Algumas dessas técnicas de extração envolvem aquecimento. Para preparar uma decocção (a extração de substâncias solúveis em água das plantas), por exemplo, a matéria-prima, como folhas ou raízes, é fervida por um período prolongado de tempo com um solvente, como a água. A técnica de infusão também foi descrita. Nela, o material a ser extraído é mergulhado brevemente em água quente, como em um chá.

Outras técnicas dependem do poder extrativo do solvente no qual a matéria-prima é embebida por um longo período em temperatura ambiente - um processo conhecido como maceração.

A receita de Tapputi também ilustrava uma sequência de aquecimento e resfriamento da matéria-prima, em um processo que se assemelha ao que hoje chamaríamos de destilação. Esse método utiliza a evaporação e a condensação para separar os diferentes compostos voláteis do aroma. Essa conversão do estado líquido para o gasoso, e vice-versa, baseia-se na facilidade e na temperatura com que os compostos evaporam.

Por fim, foram realizadas várias etapas de refinamento por meio de filtração, para obter perfumes “dignos de um rei”.

Essas mesmas técnicas ainda são relevantes na perfumaria moderna, mas foram otimizadas ao longo dos séculos e agora são mais eficientes.

Todos os narizes são iguais?

Se Tapputi tivesse nascido nos tempos modernos, ela poderia ter sido um “nariz”, o termo para artistas de fragrâncias altamente qualificados, que dominam a química e a criatividade. Como na natureza, muitos perfumes combinam um grande número de compostos olfativos. Fazer um perfume significa avaliar a interação de muitos compostos voláteis em uma mistura e sua estabilidade, isoladamente e em conjunto, após o engarrafamento.

Esses profissionais altamente treinados podem distinguir confortavelmente notas com diferenças sutis e recriá-las em seu laboratório.

A experiência dos narizes talentosos também encontra aplicação na análise sensorial nos setores de alimentos, bebidas e cosméticos, onde eles estudam a sensação de um produto por meio de seus cinco sentidos.

No laboratório, os químicos geralmente contam com instrumentos avançados para tentar entender a origem do aroma de produtos naturais. Esses instrumentos examinam a complexa fragrância para separar e identificar as centenas de moléculas voláteis que, quando combinadas, dão o aroma geral que nosso nariz pode sentir.

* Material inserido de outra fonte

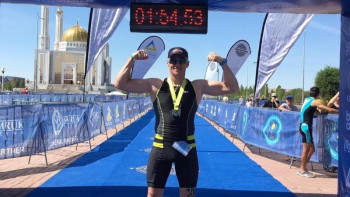 Фотография к новости: Ақтөбе қаласының бас спортшысы триатлоннан бірінші орын алды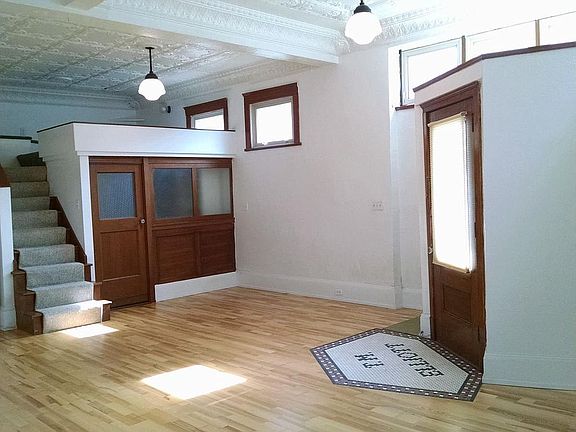 4th image of 5400-5406 Franklin Blvd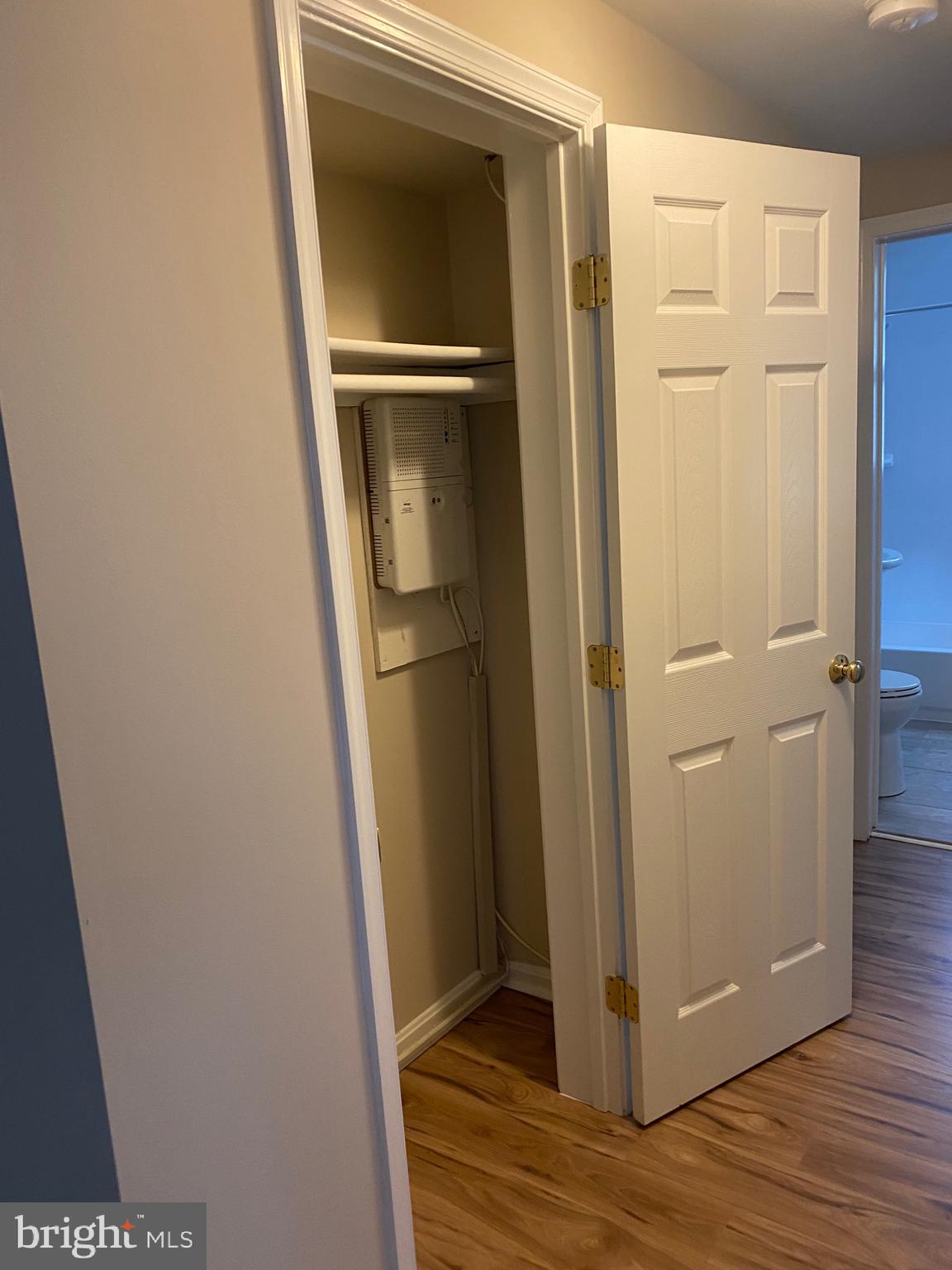 COLONIAL VILLAGE - Residential Lease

Em nosso estudo recente, por exemplo, analisamos o aroma de algumas amostras de mel irlandês, comercializadas como mel de urze, para entender melhor sua origem botânica. Os compostos voláteis encontrados no mel são originários principalmente das plantas e flores que as abelhas visitaram para coletar o néctar que, por meio de muito processamento, é convertido em mel. Descobrimos que todas as amostras tinham notas aromáticas de várias plantas diferentes.

Uma nova fronteira da pesquisa de aromas está no desenvolvimento dos “e-noses”. Esses são dispositivos eletrônicos de detecção de moléculas que imitam a forma como nossos narizes detectam compostos voláteis, fornecendo uma “impressão digital”, uma triagem dos compostos aromáticos característicos de uma amostra.

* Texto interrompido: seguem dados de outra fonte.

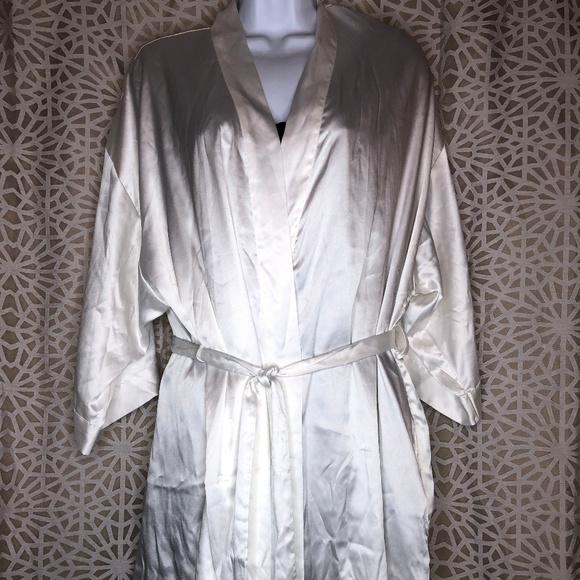Victoria’s Secret White Satin Bridal Robe - Picture 3 of 8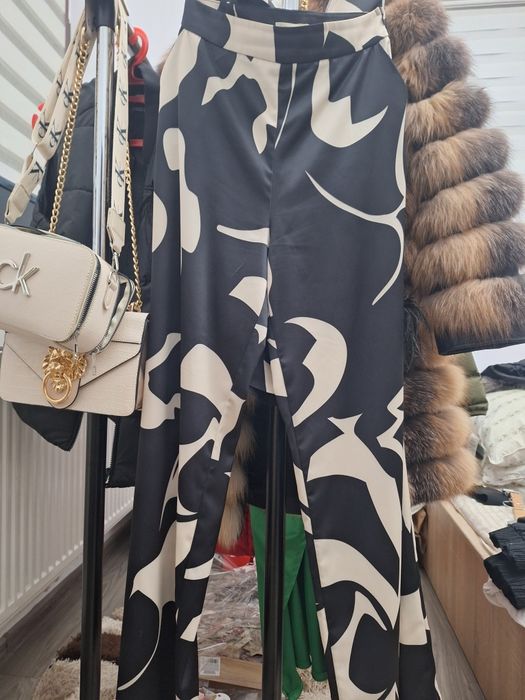 Set pantalon+bluzita, mătase satinata,marimea S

Esses narizes eletrônicos também podem ser importantes para outros setores. Por exemplo, no diagnóstico de doenças (as impressões digitais de moléculas voláteis podem mudar com os níveis de açúcar no sangue) e no controle de qualidade do setor alimentício, em que a impressão digital volátil de um alimento pode mudar à medida que ele estraga.

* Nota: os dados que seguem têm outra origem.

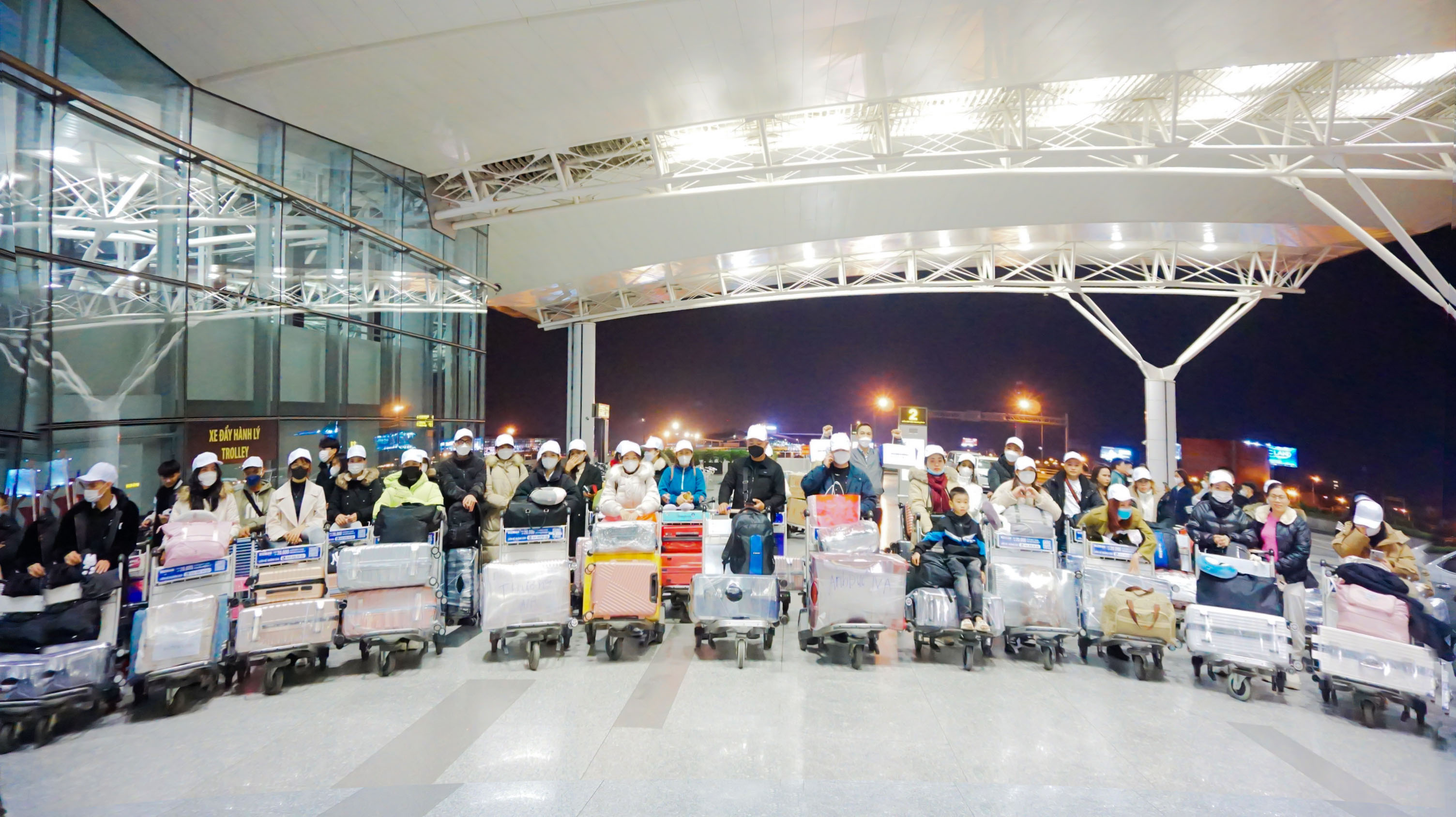 doan bay xuat canh.jpg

A pesquisa moderna sobre perfumes também está explorando a importante, mas muitas vezes negligenciada, psicologia da fragrância. Elas têm um poder altamente evocativo sobre os seres humanos. Estamos começando a entender por que certos aromas fazem você desejar uma xícara de chá, querer manter o nariz em um livro ou sentir-se festivo.

Isso parece depender da interconexão física entre nosso olfato e as partes de nosso cérebro ligadas a memórias e emoções.

Isso pode explicar por que, na época de Tapputi, as fragrâncias não eram vistas apenas como cosméticos, mas também tinham uma função religiosa. Elas eram usadas como parte de rituais e cerimônias e oferecidas aos deuses para estabelecer uma conexão invisível com eles.

Se a leitura deste artigo o deixou curioso sobre perfumaria, você pode tentar fazer um perfume inspirado na fragrância de Tapputi.